Dust cloud in the Sahara desert moves into the US and hits Florida, Texas, Louisiana, Alabama, Mississippi
A huge cloud of dust from the Sahara Desert is drifting 5,000 miles across the Atlantic towards the US — and experts have warned it could cause extreme heat and affect air quality in five southeastern states.
Skies over Florida, along with southern parts of Texas, Louisiana, Alabama and Mississippi, will look “a little hazy” and may turn brown from the sand plume as it lingers over the weekend.
Along with haze, the desert dust will catalyze scorching temperatures of around 105 degrees in the Sunshine State and an increase in allergies — but it will also make for brighter sunsets and suppress tropical thunderstorms, meteorologists have said.
Experts call the clouds the “Saharan Air Layer” – defined as “a mass of very dry, dusty air that forms over the Sahara Desert during late spring, summer and early fall.”

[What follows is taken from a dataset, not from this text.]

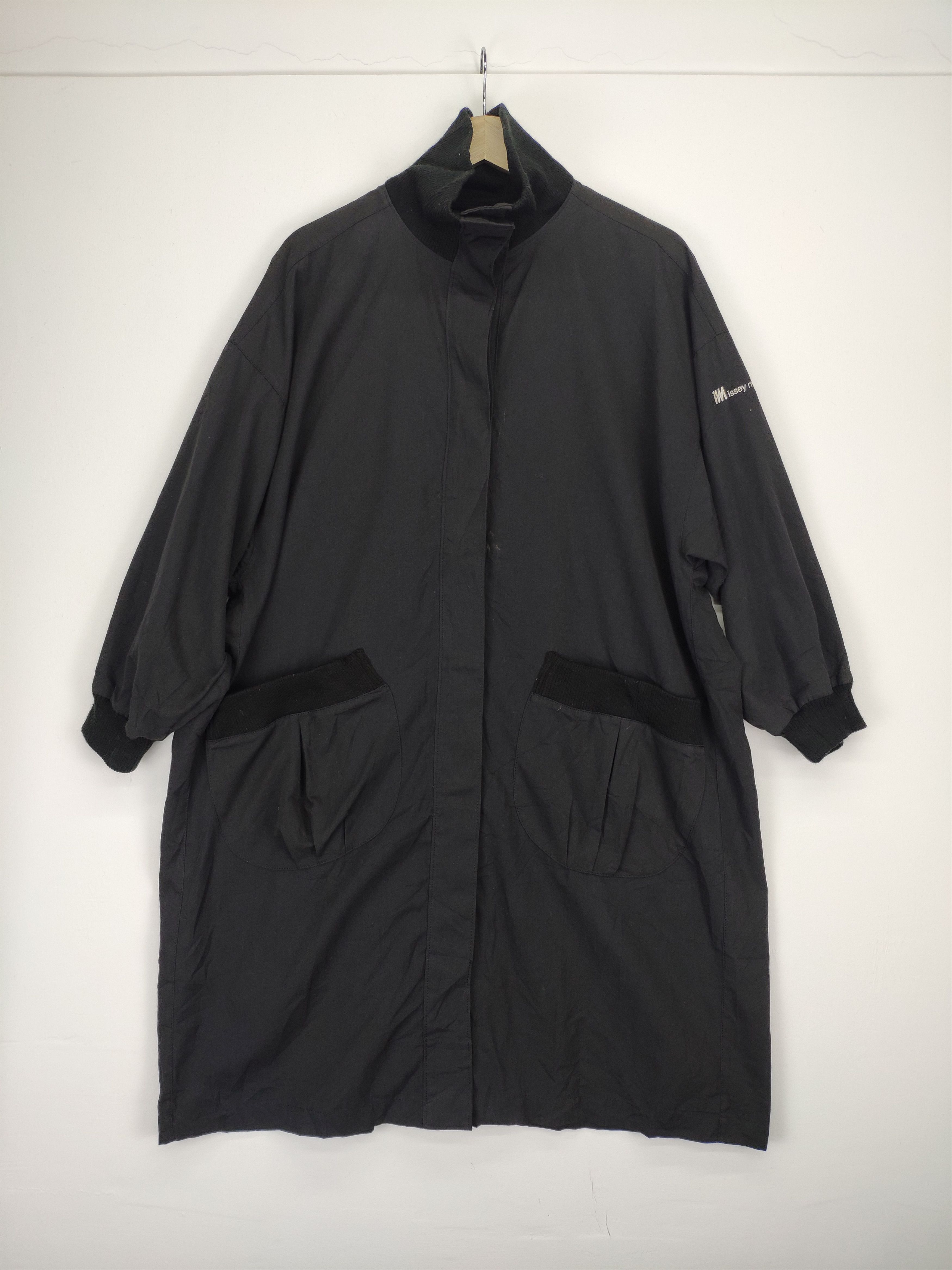 Issey Miyake × Japanese Brand × Vintage 🇯🇵 Vintage Issey Miyake Long Light Jacket Black Size US L / EU 52-54 / 3 - 1 Thumbnail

When this air mass is combined with strong jet streams — such as those currently sweeping across the Atlantic Ocean and heading toward the southeast coast — the plumes can travel thousands of miles.
All of Florida is expected to be affected by the Sahara Air Layer, along with southern parts of Louisiana, Texas, Mississippi and Alabama, forecasters have warned
A huge cloud of dust from the Sahara Desert is drifting 5,000 miles across the Atlantic towards the US — and experts have warned it could bring extreme 109-degree heat to Florida
The dust is so dense it could be seen from space on Thursday, when NOAA’s weather satellite spotted the first cloud over the eastern Caribbean Sea and the Lesser Antilles
AccuWeather tracks “several large clouds of dust” currently emanating from Africa’s 3.6 million square mile blazing hot desert — while warning that even larger plumes are predicted next week.
The immense clouds are expected to cross the entire ocean before reaching Florida and the Caribbean on Saturday, along with parts of Texas, Louisiana, Alabama and Mississippi on Sunday.
“Things might look a little hazy in cities like Tampa, Orlando and Miami as some drier air comes in,” Accuweather forecaster Bernie Rayno said.
The dust is so dense that it could be seen from space on Thursday, when the National Oceanic and Atmospheric Administration’s (NOAA) weather satellite detected the first cloud over the eastern Caribbean Sea and the Lesser Antilles.
Meanwhile, the larger plume expected next week is only just surfacing off the African coast.
Dense grains of dust interact with the light to produce daytime haze and stunning pink and orange sunsets, while the Sahara air – which is 50% drier than the typical Floridian atmosphere – can suppress storms by preventing cloud formation.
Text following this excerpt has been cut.